# Any tips?



## taxtell (Sep 17, 2009)

Flip and I were picked from our agility class to participate in a demo at the big pet expo this weekend:

http://www.petexpomilwaukee.com/

Do you think I should take him to the park and run him first, or maybe take him for a long walk or something? I know he's going to be pretty hyped up!

I'm a little nervous myself.


----------



## bigpoodleperson (Jul 14, 2009)

I dont compete, but Yes i would let my dog run some steam off. It is not too long of a course where he will be too tired and it would help him focus. I also know people who do alot of obedience exercies to get their dog focused on them before going into the ring.


----------



## taxtell (Sep 17, 2009)

Honestly I don't think I can ever get him TOO tired! lol
He's got so much energy, he's not hyper, but sometimes even in class he'll get The Zoomies. :/

I forget he's only almost 11 months old sometimes.


----------



## Cdnjennga (Jul 30, 2009)

I would get there a little early and walk him around the expo a bit if you can. He's going to be very overstimulated by all the exciting things! Then perhaps some in crate time to let him relax in the new environment. Then take him out for a pee etc, maybe do a little obedience to get his focus on you. Exercise him if that's something that cools him down rather than hypes him up. And try to have fun!

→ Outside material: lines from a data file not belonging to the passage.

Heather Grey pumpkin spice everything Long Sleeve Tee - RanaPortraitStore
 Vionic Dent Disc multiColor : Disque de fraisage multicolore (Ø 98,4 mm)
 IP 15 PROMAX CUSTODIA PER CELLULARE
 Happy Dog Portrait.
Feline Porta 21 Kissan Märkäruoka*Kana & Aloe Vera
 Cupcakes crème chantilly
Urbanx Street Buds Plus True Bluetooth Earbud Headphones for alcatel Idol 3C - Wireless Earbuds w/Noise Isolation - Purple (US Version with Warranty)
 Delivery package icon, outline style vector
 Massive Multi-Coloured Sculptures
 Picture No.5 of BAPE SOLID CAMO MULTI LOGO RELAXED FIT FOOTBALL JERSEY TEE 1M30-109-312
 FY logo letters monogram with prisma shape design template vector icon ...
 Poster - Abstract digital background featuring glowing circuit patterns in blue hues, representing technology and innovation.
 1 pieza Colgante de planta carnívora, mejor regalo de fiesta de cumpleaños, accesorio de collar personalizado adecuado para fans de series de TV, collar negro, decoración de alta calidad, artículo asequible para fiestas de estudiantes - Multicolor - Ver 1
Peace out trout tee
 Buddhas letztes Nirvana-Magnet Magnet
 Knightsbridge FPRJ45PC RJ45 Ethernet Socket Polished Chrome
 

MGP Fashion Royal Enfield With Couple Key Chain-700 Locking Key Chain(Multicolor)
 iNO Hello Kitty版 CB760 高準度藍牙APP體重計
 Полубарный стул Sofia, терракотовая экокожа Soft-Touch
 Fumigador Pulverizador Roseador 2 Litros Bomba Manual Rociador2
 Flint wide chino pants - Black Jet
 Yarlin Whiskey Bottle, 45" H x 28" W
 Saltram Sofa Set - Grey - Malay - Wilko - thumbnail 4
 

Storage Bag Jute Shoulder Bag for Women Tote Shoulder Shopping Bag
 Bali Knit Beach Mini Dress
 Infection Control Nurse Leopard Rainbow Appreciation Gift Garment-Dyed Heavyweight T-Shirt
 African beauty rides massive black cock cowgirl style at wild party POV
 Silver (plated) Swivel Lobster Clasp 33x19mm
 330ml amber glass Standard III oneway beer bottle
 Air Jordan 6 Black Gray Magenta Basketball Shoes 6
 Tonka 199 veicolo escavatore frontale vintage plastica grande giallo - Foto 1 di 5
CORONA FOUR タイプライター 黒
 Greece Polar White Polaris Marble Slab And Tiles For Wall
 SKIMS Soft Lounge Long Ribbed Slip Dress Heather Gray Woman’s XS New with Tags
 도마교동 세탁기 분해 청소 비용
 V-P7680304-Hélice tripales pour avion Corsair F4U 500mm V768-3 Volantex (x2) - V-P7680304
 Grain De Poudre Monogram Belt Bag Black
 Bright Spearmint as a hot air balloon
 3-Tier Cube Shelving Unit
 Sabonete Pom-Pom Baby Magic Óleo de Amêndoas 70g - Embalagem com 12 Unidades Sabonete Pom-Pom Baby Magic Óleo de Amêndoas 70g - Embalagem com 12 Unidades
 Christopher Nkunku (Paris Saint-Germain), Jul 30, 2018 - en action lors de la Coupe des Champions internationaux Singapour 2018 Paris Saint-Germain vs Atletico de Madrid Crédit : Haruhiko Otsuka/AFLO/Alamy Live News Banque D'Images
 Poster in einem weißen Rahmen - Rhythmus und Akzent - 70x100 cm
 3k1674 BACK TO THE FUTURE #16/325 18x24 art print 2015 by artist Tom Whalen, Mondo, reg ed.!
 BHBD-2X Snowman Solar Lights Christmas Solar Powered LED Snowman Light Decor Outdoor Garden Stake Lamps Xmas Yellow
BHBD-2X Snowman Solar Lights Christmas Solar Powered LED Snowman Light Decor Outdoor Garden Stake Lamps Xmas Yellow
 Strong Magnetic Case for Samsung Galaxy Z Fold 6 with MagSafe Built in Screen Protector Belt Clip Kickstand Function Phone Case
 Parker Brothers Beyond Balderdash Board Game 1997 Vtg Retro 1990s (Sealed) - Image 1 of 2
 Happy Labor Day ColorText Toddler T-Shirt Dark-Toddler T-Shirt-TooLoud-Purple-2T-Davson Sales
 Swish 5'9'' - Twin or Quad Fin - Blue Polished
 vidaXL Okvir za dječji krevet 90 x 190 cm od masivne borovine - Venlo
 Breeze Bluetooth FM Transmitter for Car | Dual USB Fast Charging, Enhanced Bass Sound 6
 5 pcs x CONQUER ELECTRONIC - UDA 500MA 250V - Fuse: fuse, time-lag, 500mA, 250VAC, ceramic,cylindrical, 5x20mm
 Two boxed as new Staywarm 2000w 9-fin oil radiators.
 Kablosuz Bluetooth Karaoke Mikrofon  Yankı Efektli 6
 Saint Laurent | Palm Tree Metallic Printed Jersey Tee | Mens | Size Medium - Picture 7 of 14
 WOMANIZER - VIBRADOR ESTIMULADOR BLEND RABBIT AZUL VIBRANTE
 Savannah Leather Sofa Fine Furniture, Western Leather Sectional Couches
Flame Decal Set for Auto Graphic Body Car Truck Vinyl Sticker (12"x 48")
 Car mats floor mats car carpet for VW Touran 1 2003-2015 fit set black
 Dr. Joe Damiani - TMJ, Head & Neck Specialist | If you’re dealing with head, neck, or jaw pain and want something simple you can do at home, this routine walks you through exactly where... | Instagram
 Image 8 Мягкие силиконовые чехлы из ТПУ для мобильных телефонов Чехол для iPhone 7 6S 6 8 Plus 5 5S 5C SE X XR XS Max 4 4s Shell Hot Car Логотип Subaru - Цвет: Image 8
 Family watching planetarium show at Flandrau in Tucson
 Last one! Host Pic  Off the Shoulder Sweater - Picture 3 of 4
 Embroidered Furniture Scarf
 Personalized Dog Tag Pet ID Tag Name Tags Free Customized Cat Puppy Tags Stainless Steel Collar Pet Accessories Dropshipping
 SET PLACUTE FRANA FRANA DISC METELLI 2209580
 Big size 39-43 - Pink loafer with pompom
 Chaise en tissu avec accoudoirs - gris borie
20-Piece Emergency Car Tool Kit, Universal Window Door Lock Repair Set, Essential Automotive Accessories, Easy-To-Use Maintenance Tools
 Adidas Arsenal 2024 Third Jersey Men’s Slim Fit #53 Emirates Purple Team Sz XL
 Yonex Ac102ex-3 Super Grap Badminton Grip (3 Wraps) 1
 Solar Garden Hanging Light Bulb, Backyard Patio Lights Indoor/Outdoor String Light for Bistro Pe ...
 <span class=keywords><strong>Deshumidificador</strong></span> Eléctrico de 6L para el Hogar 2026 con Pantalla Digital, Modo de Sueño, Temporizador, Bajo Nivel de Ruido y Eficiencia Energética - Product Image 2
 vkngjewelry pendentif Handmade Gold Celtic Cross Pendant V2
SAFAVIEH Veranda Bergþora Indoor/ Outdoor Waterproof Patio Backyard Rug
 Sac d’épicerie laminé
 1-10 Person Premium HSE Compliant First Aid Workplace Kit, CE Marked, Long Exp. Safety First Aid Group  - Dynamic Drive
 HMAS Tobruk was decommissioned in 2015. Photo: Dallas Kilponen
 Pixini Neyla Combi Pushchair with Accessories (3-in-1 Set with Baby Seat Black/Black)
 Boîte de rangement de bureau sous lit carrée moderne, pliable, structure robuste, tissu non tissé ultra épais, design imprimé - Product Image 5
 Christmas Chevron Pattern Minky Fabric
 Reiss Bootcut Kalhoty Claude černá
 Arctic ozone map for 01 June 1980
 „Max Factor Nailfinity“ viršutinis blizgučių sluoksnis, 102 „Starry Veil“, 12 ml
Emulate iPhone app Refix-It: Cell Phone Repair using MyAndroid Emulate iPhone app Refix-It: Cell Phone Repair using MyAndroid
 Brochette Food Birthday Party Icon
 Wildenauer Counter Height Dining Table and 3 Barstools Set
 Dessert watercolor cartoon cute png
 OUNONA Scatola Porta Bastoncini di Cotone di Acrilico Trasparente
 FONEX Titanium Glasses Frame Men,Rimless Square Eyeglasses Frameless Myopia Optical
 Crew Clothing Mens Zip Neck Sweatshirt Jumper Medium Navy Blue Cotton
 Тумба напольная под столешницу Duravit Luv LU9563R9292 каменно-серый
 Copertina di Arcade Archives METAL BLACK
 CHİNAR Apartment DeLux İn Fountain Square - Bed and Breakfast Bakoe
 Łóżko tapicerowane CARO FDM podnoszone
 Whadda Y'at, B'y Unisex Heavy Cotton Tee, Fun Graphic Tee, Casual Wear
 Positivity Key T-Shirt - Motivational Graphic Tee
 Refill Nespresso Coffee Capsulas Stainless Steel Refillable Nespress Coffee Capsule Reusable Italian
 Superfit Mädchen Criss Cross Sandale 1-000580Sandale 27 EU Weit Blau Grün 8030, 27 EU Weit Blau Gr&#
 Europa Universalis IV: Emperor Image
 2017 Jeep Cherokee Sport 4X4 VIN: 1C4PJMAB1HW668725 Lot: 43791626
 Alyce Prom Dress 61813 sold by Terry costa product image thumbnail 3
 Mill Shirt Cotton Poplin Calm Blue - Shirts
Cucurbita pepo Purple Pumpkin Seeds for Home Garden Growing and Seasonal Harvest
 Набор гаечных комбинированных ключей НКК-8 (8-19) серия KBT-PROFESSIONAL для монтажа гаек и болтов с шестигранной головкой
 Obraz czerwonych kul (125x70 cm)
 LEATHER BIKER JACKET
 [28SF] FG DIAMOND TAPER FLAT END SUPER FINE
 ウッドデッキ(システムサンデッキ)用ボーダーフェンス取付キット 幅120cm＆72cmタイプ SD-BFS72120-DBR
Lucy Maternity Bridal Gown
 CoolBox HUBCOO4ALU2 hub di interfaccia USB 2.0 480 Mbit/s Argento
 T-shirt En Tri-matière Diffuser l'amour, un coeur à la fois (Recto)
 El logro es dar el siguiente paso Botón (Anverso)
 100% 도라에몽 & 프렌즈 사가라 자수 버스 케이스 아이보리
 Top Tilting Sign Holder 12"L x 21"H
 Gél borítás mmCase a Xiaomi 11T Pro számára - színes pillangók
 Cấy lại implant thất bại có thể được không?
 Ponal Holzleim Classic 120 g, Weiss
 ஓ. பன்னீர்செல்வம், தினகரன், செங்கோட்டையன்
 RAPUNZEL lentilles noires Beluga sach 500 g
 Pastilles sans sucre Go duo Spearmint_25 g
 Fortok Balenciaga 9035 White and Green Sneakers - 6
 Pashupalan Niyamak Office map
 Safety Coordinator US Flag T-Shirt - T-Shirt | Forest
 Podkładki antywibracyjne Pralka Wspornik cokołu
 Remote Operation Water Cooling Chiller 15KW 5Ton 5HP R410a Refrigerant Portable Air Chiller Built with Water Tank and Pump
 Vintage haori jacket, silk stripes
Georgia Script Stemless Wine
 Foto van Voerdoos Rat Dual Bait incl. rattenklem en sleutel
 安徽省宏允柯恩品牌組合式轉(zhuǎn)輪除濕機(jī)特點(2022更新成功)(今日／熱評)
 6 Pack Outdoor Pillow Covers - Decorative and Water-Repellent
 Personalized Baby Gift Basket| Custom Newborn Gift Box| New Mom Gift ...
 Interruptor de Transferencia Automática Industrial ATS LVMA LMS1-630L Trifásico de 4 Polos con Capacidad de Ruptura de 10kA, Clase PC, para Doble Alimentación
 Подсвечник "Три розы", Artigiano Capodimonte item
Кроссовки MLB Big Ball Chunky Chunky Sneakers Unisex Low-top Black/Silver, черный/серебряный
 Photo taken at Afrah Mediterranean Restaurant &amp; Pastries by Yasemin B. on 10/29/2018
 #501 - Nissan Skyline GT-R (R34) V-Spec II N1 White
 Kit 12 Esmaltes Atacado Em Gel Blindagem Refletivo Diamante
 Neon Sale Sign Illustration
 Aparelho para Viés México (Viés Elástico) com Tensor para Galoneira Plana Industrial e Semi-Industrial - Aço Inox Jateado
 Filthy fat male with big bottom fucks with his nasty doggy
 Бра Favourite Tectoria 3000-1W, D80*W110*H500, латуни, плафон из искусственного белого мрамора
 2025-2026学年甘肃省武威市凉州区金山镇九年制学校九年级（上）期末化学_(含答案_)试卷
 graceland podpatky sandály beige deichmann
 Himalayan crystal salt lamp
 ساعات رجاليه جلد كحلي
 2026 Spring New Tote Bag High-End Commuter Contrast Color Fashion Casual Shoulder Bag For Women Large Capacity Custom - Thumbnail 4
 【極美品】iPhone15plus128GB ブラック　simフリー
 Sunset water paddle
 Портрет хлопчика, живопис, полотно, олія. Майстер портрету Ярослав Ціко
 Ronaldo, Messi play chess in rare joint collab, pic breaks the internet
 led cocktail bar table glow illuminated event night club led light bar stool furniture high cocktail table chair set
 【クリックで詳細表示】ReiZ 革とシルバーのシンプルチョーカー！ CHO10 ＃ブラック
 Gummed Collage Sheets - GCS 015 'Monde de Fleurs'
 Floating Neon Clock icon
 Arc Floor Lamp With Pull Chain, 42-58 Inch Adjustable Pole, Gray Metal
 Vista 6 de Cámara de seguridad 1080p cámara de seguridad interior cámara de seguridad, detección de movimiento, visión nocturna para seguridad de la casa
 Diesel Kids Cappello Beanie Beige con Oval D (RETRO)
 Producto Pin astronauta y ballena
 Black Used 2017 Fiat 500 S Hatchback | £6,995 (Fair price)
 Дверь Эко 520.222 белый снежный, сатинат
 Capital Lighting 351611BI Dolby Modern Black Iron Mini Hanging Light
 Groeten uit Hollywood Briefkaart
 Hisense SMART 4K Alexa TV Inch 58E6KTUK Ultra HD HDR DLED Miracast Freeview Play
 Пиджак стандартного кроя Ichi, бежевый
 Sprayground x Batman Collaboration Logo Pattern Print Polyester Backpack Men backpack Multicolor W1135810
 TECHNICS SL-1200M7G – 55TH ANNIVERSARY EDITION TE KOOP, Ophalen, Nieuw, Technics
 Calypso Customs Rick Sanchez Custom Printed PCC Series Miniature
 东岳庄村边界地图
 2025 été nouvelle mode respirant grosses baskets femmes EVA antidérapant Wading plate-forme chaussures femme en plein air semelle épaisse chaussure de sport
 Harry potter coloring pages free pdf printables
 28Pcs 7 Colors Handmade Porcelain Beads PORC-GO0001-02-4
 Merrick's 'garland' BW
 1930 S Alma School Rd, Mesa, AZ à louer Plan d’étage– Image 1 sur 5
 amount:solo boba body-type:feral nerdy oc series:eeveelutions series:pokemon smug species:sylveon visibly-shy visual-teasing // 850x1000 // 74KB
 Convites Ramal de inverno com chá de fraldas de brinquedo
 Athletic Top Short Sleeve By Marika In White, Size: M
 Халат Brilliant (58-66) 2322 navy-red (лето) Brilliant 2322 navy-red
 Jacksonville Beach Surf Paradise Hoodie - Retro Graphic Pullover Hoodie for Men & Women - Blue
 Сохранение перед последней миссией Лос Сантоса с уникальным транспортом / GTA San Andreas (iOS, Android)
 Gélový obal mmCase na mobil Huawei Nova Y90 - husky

It's an exhibition - it's almost better if he does do something silly, the crowd will love him.


----------



## taxtell (Sep 17, 2009)

Cdnjennga said:


> I would get there a little early and walk him around the expo a bit if you can. He's going to be very overstimulated by all the exciting things! Then perhaps some in crate time to let him relax in the new environment. Then take him out for a pee etc, maybe do a little obedience to get his focus on you. Exercise him if that's something that cools him down rather than hypes him up. And try to have fun! It's an exhibition - it's almost better if he does do something silly, the crowd will love him.



LOL, that's a good thing because I am 99.9% sure that he will do something silly. He is definitely a clown. 


Thanks for the advice you guys.


----------



## debjen (Jan 4, 2010)

I would definitely get there early enough to walk him around some so he can get use to the environment..

Depending on how long you are going to be there I would probably pack like I am going to a show..crate, treats, toys, water, bowls, etc..if you have a dolly or cart to put everything on because you never know how far you are going to have to pack things in..looks like you will be indoors so shouldn't need a canopy..LOL..I often bring a towel or sheet to drape over the crate to give my dogs some privacy..as I have some OCD dogs who scratch or lick the crate bars..I find if I cover up all but the bottom inch or 2 they have to lie down in order to see out.so they have to rest a little


----------



## taxtell (Sep 17, 2009)

More good tips, thank you! 

We are the first act of the expo, so the rest of the day is ours.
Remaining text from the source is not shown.